● **Raw data**
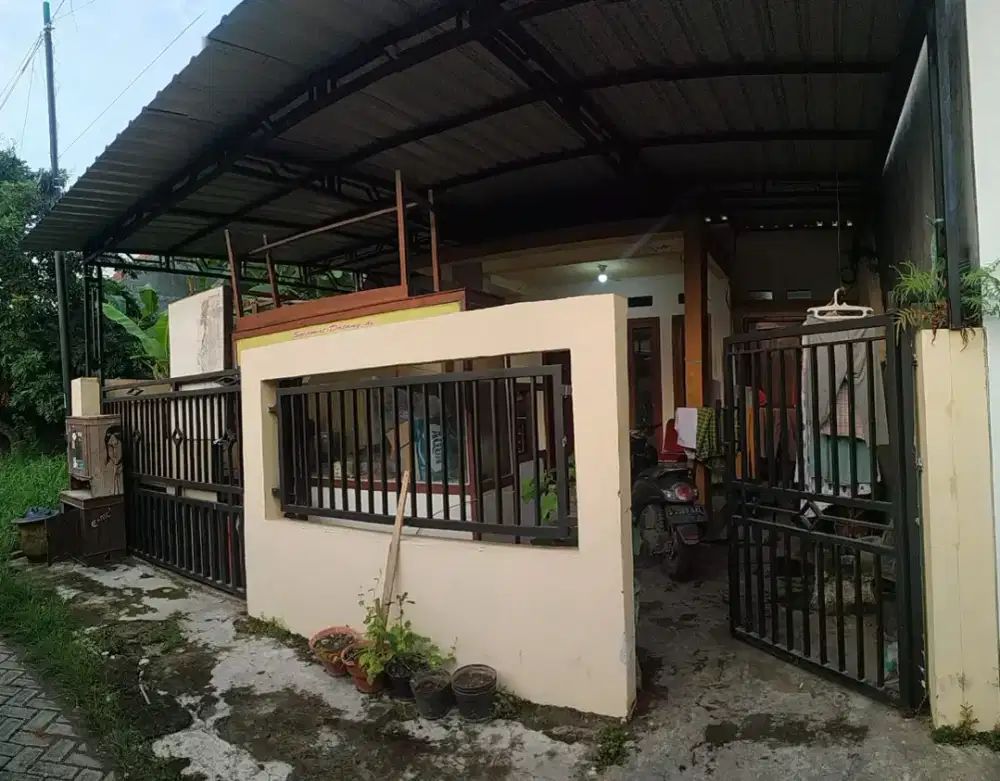 Dijual Rumah Strategis Dekat Stasiun & Terminal, Akses Mudah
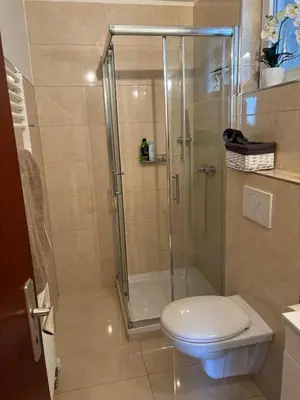 Ein Badezimmer in der Unterkunft 1 Bedroom Terrace Appartment Near Pforzheim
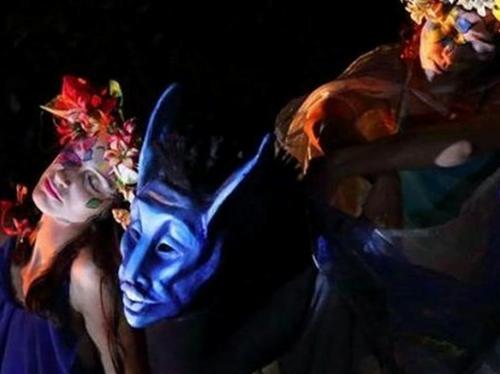 Sogno d’estate: teatro in giardino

● **What you have to do**
Could you set down the material above word for word while dropping its pictures?

● **Response area**
 Dijual Rumah Strategis Dekat Stasiun & Terminal, Akses Mudah
 Ein Badezimmer in der Unterkunft 1 Bedroom Terrace Appartment Near Pforzheim
 Sogno d’estate: teatro in giardino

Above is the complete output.